Some years ago, Peter Drucker neatly summarized the evolution of cities in the modern age.

"In 20 years Japanese office workers may still commute, packed shoulder to shoulder, to downtown towers. But no one else in the developed world will. Office work, rather than office workers, will do the traveling. Tomorrow’s big city is no longer going to be the office center.

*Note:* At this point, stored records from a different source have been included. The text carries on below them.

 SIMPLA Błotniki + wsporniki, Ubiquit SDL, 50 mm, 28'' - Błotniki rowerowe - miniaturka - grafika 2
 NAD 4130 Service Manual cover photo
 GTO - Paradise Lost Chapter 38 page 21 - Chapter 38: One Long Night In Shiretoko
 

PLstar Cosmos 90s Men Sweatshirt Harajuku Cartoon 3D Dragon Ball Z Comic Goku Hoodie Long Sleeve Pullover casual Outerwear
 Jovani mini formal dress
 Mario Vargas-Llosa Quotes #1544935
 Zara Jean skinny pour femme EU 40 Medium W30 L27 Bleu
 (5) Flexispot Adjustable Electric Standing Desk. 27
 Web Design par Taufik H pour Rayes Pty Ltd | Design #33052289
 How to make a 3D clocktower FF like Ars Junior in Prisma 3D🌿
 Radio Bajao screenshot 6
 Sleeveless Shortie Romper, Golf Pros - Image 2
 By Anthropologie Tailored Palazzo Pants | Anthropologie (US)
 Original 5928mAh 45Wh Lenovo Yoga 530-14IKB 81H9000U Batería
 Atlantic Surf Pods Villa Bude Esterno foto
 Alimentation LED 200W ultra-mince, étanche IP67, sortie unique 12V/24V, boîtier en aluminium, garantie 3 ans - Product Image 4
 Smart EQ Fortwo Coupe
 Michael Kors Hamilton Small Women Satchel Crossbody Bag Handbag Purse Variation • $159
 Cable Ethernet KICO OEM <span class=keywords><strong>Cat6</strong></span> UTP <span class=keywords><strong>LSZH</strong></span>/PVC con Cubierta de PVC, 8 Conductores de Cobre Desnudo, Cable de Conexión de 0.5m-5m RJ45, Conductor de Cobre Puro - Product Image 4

"The exodus is already under way …

"The modern big city is the creation of the 19th century’s ability to move people. Everyone in Dickens’ London walked to work except the owners, who lived over their shops or their counting houses. But then, beginning in mid-century, people began to acquire wheels – the railroad first, then the omnibus and the streetcar (horse-drawn, of course, for many decades), the subway and the elevated train, the automobile, the bicycle. Suddenly large masses of people could move over great distances to where work was. And the elevator added vertical mobility. It was this ability to move people, that, more than anything else, made possible large organizations, business, hospitals, government agencies and universities.

"By 1914, every single one of the means to move people into an office-centered large city – and to enable the office workers to live outside it – had been developed. But they did not have their full impact until after World War II. Until then only two cities had skyscrapers – New York and Chicago. Now every mid-sized city world-wide boasts a “skyline” and even in mid-sized cities people commute.

"This trend has clearly reached its end, has indeed widely overshot the mark. Tokyo’s office workers have to live more than two hours away just to get a seat on the train. ….

“Information and the Future of the City” by Peter F. Drucker, The Wall Street Journal (April 4, 1989).

The Economist has just published a list of cities with the most skyscrapers ("Tall buildings"). According to Drucker, the ranking must be read in (roughly) the reverse order, indicating the extent to which cities have overshot the mark. Perhaps island cities (downtowns) get special consideration.

"Hong Kong has 7,417 skyscrapers, more than any other city, ... a building must be over 35 metres tall to qualify as a skyscraper. New York ranks second with 5,444 skyscrapers; Los Angeles has just 450 ..."

Of course, downtown boosters everywhere are still pushing to move skylines in the wrong direction. And to get there they revert to some of the worst excesses (and largest subsidies) available to local governments.